** DATA FOR PROCESSING follows **

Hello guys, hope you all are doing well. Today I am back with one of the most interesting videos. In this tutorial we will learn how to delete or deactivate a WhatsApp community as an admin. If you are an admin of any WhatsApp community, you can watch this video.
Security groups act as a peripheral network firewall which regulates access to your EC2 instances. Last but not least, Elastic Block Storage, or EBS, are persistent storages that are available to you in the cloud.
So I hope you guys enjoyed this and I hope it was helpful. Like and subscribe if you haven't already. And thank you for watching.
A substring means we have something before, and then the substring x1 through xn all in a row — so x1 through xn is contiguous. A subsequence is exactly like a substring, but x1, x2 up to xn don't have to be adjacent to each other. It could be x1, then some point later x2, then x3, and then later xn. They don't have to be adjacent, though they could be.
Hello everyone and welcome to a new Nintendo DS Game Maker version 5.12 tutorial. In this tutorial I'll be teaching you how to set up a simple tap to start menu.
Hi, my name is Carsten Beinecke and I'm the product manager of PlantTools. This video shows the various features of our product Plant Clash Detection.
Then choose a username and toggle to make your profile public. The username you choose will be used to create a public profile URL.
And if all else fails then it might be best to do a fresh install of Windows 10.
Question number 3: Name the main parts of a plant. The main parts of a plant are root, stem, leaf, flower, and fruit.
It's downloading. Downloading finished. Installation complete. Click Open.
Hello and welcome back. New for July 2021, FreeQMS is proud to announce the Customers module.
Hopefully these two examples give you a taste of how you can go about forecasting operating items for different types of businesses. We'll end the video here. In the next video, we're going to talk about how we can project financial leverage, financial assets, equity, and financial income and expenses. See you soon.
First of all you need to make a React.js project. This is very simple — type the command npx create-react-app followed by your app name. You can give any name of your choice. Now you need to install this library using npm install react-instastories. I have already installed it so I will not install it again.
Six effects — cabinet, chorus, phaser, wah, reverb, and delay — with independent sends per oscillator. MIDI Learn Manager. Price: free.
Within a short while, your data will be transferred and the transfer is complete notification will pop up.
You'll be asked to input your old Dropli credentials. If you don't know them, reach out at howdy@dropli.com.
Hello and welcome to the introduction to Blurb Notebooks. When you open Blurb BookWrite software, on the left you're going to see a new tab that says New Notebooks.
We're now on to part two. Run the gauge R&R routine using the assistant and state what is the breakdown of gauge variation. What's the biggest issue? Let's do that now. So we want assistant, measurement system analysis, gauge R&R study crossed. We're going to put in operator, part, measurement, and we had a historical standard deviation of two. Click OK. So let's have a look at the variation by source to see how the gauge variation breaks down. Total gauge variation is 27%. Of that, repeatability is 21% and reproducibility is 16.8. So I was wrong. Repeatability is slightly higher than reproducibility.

** End of DATA FOR PROCESSING **

TASK BRIEF = Having read the entries above, restate them all word for word.

YOUR RESPONSE =
Hello guys, hope you all are doing well. Today I am back with one of the most interesting videos. In this tutorial we will learn how to delete or deactivate a WhatsApp community as an admin. If you are an admin of any WhatsApp community, you can watch this video.
Security groups act as a peripheral network firewall which regulates access to your EC2 instances. Last but not least, Elastic Block Storage, or EBS, are persistent storages that are available to you in the cloud.
So I hope you guys enjoyed this and I hope it was helpful. Like and subscribe if you haven't already. And thank you for watching.
A substring means we have something before, and then the substring x1 through xn all in a row — so x1 through xn is contiguous. A subsequence is exactly like a substring, but x1, x2 up to xn don't have to be adjacent to each other. It could be x1, then some point later x2, then x3, and then later xn. They don't have to be adjacent, though they could be.
Hello everyone and welcome to a new Nintendo DS Game Maker version 5.12 tutorial. In this tutorial I'll be teaching you how to set up a simple tap to start menu.
Hi, my name is Carsten Beinecke and I'm the product manager of PlantTools. This video shows the various features of our product Plant Clash Detection.
Then choose a username and toggle to make your profile public. The username you choose will be used to create a public profile URL.
And if all else fails then it might be best to do a fresh install of Windows 10.
Question number 3: Name the main parts of a plant. The main parts of a plant are root, stem, leaf, flower, and fruit.
It's downloading. Downloading finished. Installation complete. Click Open.
Hello and welcome back. New for July 2021, FreeQMS is proud to announce the Customers module.
Hopefully these two examples give you a taste of how you can go about forecasting operating items for different types of businesses. We'll end the video here. In the next video, we're going to talk about how we can project financial leverage, financial assets, equity, and financial income and expenses. See you soon.
First of all you need to make a React.js project. This is very simple — type the command npx create-react-app followed by your app name. You can give any name of your choice. Now you need to install this library using npm install react-instastories. I have already installed it so I will not install it again.
Six effects — cabinet, chorus, phaser, wah, reverb, and delay — with independent sends per oscillator. MIDI Learn Manager. Price: free.
Within a short while, your data will be transferred and the transfer is complete notification will pop up.
You'll be asked to input your old Dropli credentials. If you don't know them, reach out at howdy@dropli.com.
Hello and welcome to the introduction to Blurb Notebooks. When you open Blurb BookWrite software, on the left you're going to see a new tab that says New Notebooks.
We're now on to part two. Run the gauge R&R routine using the assistant and state what is the breakdown of gauge variation. What's the biggest issue? Let's do that now. So we want assistant, measurement system analysis, gauge R&R study crossed. We're going to put in operator, part, measurement, and we had a historical standard deviation of two. Click OK. So let's have a look at the variation by source to see how the gauge variation breaks down. Total gauge variation is 27%. Of that, repeatability is 21% and reproducibility is 16.8. So I was wrong. Repeatability is slightly higher than reproducibility.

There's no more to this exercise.